Define the problem to solve

ffddmsetupOperator(pr,prfe,Varf)

builds the distributed operator associated to the variational problem given by Varf, on top of the distributed finite element space prfe. This will create and expose variables whose names will be prefixed by pr, see below. It is assumed that ffddmbuildDfespace has already been called with prefix prfe in order to define the distributed finite element space.

In practice, this builds the so-called local ‘Dirichlet’ matrices \(A_i = R_i A R_i^T\), the restrictions of the global operator \(A\) to the subdomains (see pr#aRdbelow). The matrices correspond to the discretization of the bilinear form given by the macro Varf, which represents the abstract variational form of the problem. These matrices are then used to implement the action of the global operator \(A\) on a local vector (the parallel matrix-vector product with \(A\)), see pr#A below.

At this point, we already have the necessary data to be able to solve the problem with a parallel direct solver (MUMPS), which is the purpose of the function pr#directsolve (see below). See ffddmbuildrhs for building the right-hand side.

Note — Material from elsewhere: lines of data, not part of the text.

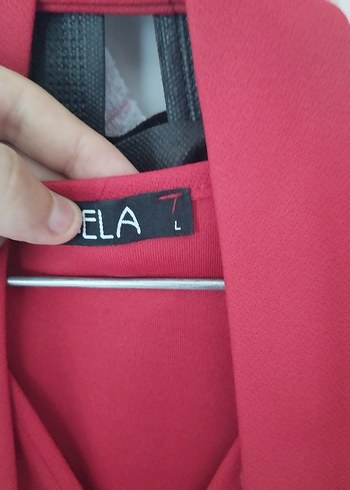 Kısa Kollu, Yüksek Yakalı Kırmızı Uzun Elbise - Görsel 7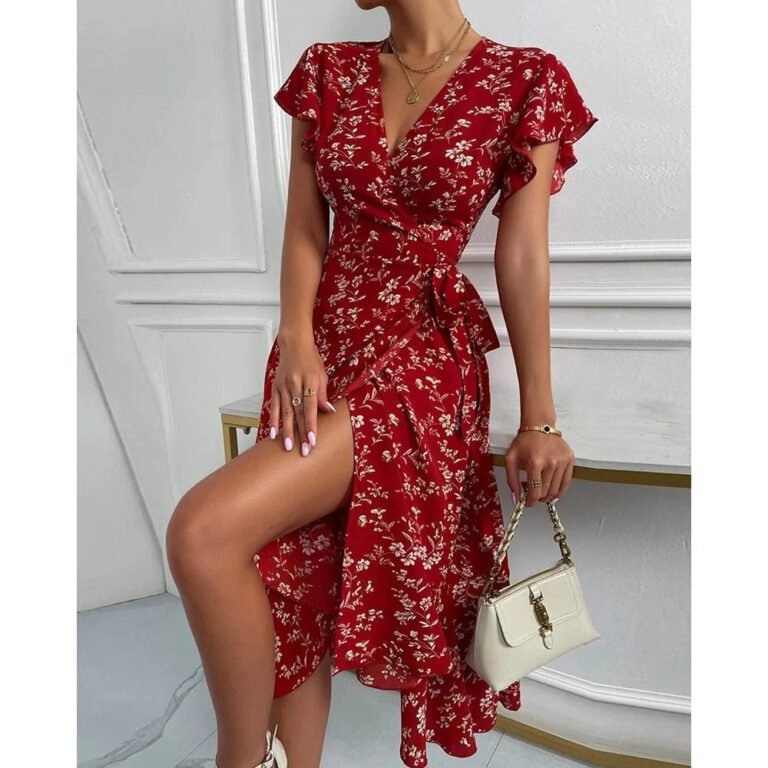 Robe Midi Fleurie Rouge Avec Manches Volants Rouge S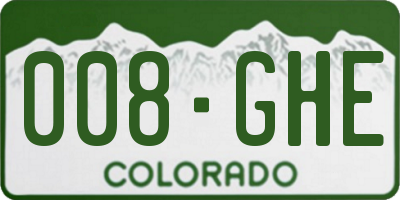 CO license plate 008GHE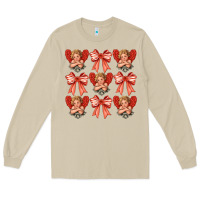 Mushroom Valentines Eros and bow Long Sleeve Tee - CowhideDigitalArt
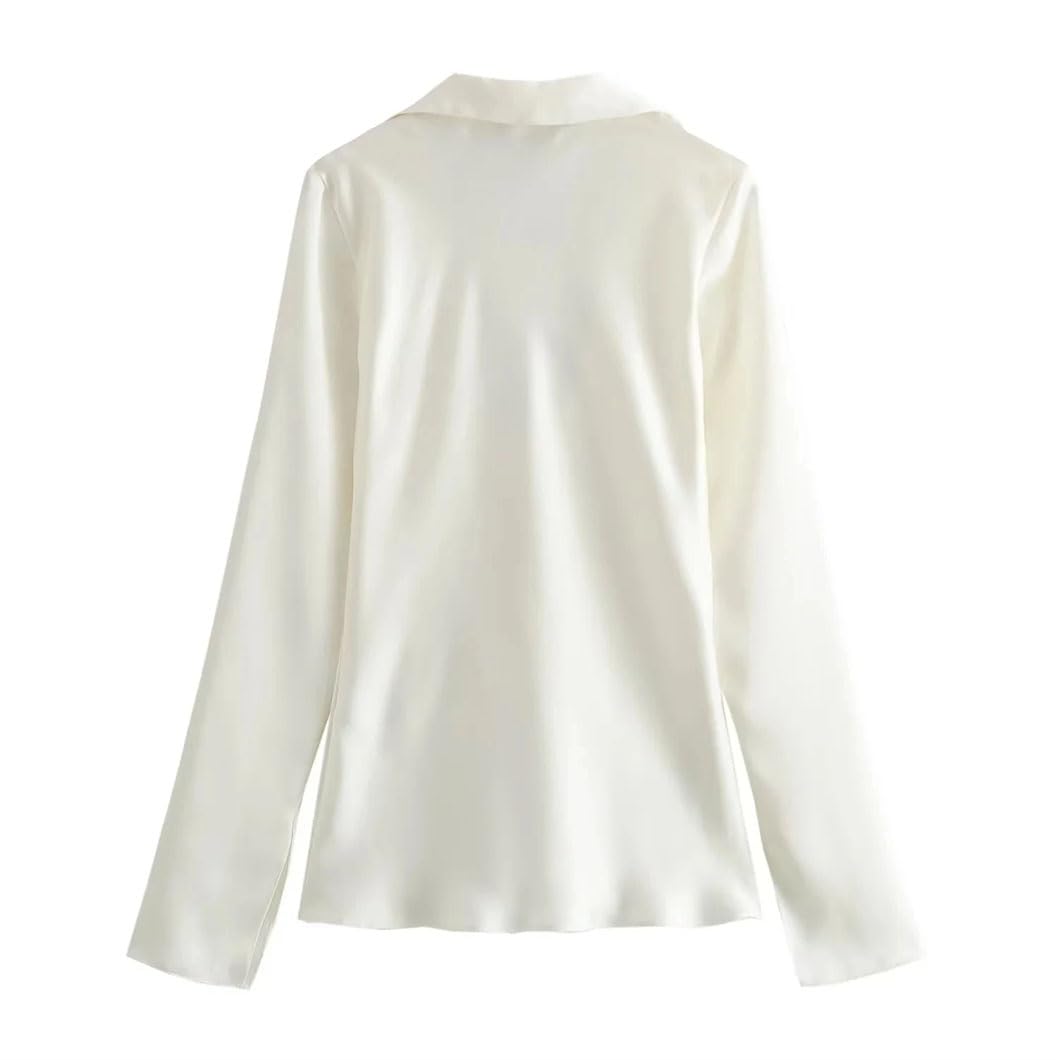 Blusas de satén con solapa para mujer, manga larga, lazo, con cordones, casual, ajustada, cuello en V, ropa de calle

The macro Varf is required to have three parameters: the name of the variational form, the mesh, and the finite element space. The variational form given in this ‘abstract’ format will then be used by ffddm to assemble the discrete operators by setting the appropriate mesh and finite element space as parameters. An example is given below:

1
2
3
4
5
macro myVarf(varfName, meshName, VhName)
    varf varfName(u,v) = int3d(meshName)(grad(u)''* grad(v)) + on(1, u = 1.0);
// EOM

ffddmsetupOperator(myprefix,myFEprefix,myVarf)

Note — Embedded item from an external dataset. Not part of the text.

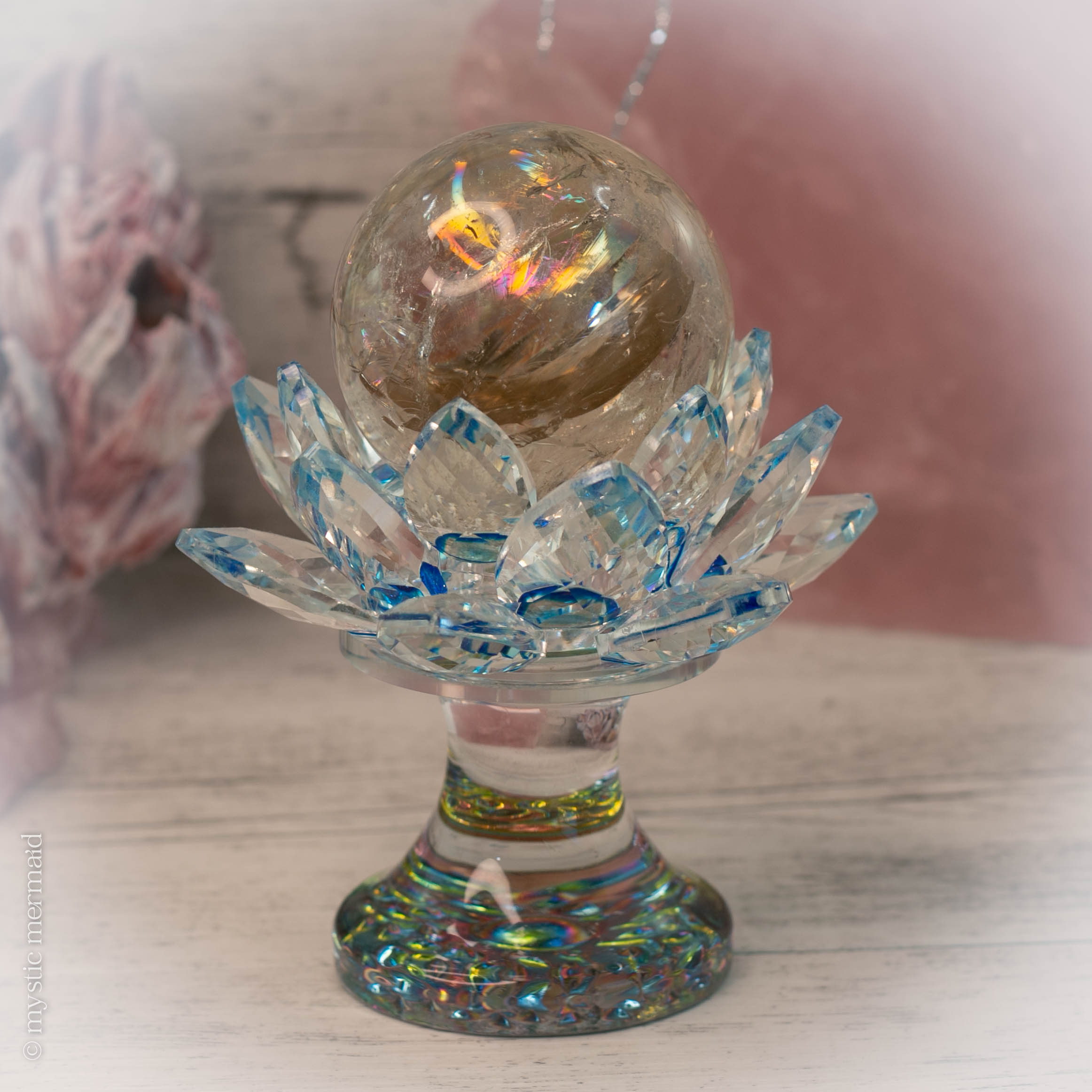 Rainbow Lotus Candle and Sphere Stand Holder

Remark In this simple example, the third parameter VhName is not used. However, for more complex cases such as non-linear or time dependent problems where the problem depends on a solution computed at a previous step, it is useful to know for which discrete finite element space the variational form is being used. See for example TODO

defines:

  • pr#prfe macro, saves the parent prefix prfe of the finite element space
  • int pr#verbosity the level of verbosity for this problem, initialized with the value of ffddmverbosity
  • pr#writesummary macro, prints a summary of timings for this problem, such as the time spent to assemble local matrices or solve the linear system.
  • matrix<prfe#K> pr#Aglobal the global matrix \(A\) corresponding to the discretization of the variational form given by the macro Varf on the global finite element space prfe#Vhglob. Defined only in the sequential case.
  • matrix<prfe#K>[int] pr#aRd array (size prfe#prmesh#npart) of so-called local ‘Dirichlet’ matrices in the subdomains; these are the restrictions of the global operator to the subdomains, equivalent to \(A_i = R_i A R_i^T\) with \(A\) the global matrix corresponding to the discretization of the variational form given by the macro Varf on the global finite element space. In the standard parallel case, only the local matrix for this mpi rank pr#aRd[mpiRank(prmesh#commddm)] is defined (unless this mpi rank is excluded from the spatial domain decomposition, i. e. prmesh#excluded = 1). In the sequential case, all local matrices are defined.
  • func prfe#K[int] pr#A(prfe#K[int] &ui) The function pr#A computes the parallel matrix-vector product, i.e. the action of the global operator \(A\) on the local vector \(u_i\). The computation is equivalent to \(R_i (\sum_{j=1}^N R_j^T D_j A_j u_j)\) and is performed in parallel using local matrices pr#aRd and the function prfe#update. In the sequential case, the global matrix pr#Aglobal is used instead.
  • func prfe#K[int] pr#directsolve(prfe#K[int]& rhsi) The function pr#directsolve allows to solve the linear system \(A x = b\) in parallel using the parallel direct solver MUMPS. The matrix is given to MUMPS in distributed form through the local matrices pr#aRd. The input rhsi is given as a distributed vector (rhsi is the restriction of the global right-hand side \(b\) to the subdomain of this mpi rank, see ffddmbuildrhs) and the returned vector is local as well.

1
ffddmbuildrhs(pr,Varfrhs,rhs)

builds the right-hand side associated to the variational form given by Varfrhs for the problem corresponding to prefix pr. The resulting right-hand side vector rhs corresponds to the discretization of the abstract linear form given by the macro Varfrhs (see ffddmsetupOperator for more details on how to define the abstract variational form as a macro).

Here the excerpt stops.